Storage: local drives

Local disks on computing nodes are the preferred place for doing your IO. The general idea is use network storage as a backend and local disk for actual data processing.

  • In the beginning of the job cd to /tmp and make a unique directory for your run

  • copy needed input from WRKDIR to there

  • run your calculation normally forwarding all the output to /tmp

  • in the end copy relevant output to WRKDIR for analysis and further usage

Pros

  • You get better and steadier IO performance. WRKDIR is shared over all users making per-user performance actually rather poor.

  • You save performance for WRKDIR to those who cannot use local disks.

  • You get much better performance when using many small files (Lustre works poorly here).

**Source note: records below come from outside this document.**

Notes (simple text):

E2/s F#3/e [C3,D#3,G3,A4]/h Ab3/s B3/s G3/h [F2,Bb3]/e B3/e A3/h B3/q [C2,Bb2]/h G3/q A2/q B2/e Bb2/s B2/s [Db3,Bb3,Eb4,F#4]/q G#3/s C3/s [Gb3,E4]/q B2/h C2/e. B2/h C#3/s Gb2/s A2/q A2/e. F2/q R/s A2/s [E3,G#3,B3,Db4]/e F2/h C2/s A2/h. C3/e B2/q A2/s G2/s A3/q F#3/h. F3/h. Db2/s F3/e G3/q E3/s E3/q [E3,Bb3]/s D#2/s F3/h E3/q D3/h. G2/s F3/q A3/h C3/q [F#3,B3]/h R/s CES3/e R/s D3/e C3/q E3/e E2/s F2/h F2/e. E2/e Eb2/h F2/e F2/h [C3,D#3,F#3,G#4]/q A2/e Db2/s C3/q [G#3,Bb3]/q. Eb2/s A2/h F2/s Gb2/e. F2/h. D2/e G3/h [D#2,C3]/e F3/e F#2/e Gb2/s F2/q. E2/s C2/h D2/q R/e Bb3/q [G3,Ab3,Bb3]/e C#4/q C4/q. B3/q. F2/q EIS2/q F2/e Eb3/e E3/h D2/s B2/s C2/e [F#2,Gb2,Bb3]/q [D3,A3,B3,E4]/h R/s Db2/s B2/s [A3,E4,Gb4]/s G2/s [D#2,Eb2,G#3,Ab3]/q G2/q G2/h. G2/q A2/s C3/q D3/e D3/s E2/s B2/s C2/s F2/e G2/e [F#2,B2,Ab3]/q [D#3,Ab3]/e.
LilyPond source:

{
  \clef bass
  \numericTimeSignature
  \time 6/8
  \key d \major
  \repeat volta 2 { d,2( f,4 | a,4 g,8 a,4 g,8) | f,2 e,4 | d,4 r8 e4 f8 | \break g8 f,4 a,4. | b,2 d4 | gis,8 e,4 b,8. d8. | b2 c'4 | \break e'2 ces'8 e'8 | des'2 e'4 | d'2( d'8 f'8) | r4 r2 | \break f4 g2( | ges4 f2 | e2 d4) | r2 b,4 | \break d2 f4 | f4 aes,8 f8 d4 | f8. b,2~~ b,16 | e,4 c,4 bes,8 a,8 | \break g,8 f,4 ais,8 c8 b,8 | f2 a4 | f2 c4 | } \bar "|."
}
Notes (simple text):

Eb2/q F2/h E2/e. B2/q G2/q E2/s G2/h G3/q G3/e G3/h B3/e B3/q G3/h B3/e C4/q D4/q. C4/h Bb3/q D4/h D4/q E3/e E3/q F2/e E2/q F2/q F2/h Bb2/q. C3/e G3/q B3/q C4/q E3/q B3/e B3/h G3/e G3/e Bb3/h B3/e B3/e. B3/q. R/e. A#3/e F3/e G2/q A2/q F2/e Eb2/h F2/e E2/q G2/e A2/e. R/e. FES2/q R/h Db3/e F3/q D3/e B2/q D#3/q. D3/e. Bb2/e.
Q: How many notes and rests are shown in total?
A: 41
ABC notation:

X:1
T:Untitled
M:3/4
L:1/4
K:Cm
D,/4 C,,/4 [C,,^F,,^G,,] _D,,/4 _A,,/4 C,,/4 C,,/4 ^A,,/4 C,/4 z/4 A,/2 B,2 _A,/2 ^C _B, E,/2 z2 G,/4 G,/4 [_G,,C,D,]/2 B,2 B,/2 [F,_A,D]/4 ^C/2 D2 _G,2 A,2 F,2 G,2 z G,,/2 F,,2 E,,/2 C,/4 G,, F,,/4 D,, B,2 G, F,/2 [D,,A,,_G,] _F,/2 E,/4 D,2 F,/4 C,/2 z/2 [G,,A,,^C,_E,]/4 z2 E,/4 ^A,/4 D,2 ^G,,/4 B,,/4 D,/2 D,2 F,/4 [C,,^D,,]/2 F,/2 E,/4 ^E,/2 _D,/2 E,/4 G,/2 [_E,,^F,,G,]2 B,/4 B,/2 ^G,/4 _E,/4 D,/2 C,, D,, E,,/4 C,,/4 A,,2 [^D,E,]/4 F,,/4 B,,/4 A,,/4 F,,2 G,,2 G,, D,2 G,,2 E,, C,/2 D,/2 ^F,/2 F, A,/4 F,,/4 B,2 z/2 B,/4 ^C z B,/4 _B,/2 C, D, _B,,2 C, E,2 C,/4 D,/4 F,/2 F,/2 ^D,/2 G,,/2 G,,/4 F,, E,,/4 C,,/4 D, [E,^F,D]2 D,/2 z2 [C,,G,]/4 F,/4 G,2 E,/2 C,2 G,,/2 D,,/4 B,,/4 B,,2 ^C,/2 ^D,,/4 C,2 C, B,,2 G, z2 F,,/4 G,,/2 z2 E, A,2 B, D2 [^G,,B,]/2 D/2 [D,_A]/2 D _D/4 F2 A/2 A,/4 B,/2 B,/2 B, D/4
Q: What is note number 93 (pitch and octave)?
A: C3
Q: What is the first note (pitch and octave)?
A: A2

  • Saves your quota if your code generate lots of data but finally you need only part of it

  • In general, it is an excellent choice for single-node runs (that is all job’s task run on the same node).

Cons

  • Not feasible for huge files (>100GB). Use WRKDIR instead.

  • Small learning curve (must copy files before and after the job).

  • Not feasible for cross-node IO (MPI jobs). Use WRKDIR instead.

How to use local drives on compute nodes

NOT for the long-term data. Cleaned every time your job is finished.

You have to use --gres=spindle to ensure that you get a hard disk (note 2019-january: except GPU nodes).

/tmp is a bind-mounted user specific directory. Directory is per-user (not per-job that is), if you get two jobs running on the same node, you get the same /tmp.

Interactively

How to use /tmp when you login interactively

$ sinteractive --time=1:00:00              # request a node for one hour
(node)$ mkdir /tmp/$SLURM_JOB_ID       # create a unique directory, here we use
(node)$ cd /tmp/$SLURM_JOB_ID
... do what you wanted ...
(node)$ cp your_files $WRKDIR/my/valuable/data  # copy what you need
(node)$ cd; rm -rf /tmp/$SLURM_JOB_ID  # clean up after yourself
(node)$ exit

In batch script

Batch job example that prevents data lost in case program gets terminated (either because of scancel or due to time limit).

#!/bin/bash

#SBATCH --time=12:00:00
#SBATCH --mem-per-cpu=2500M                                   # time and memory requirements

mkdir /tmp/$SLURM_JOB_ID                                      # get a directory where you will send all output from your program
cd /tmp/$SLURM_JOB_ID

## set the trap: when killed or exits abnormally you get the
## output copied to $WRKDIR/$SLURM_JOB_ID anyway
trap "mkdir $WRKDIR/$SLURM_JOB_ID; mv -f /tmp/$SLURM_JOB_ID $WRKDIR/$SLURM_JOB_ID; exit" TERM EXIT

## run the program and redirect all IO to a local drive
## assuming that you have your program and input at $WRKDIR
srun $WRKDIR/my_program $WRKDIR/input > output

mv /tmp/$SLURM_JOB_ID/output $WRKDIR/SOMEDIR                   # move your output fully or partially

Batch script for thousands input/output files

If your job requires a large amount of files as input/output using tar utility can greatly reduce the load on the $WRKDIR-filesystem.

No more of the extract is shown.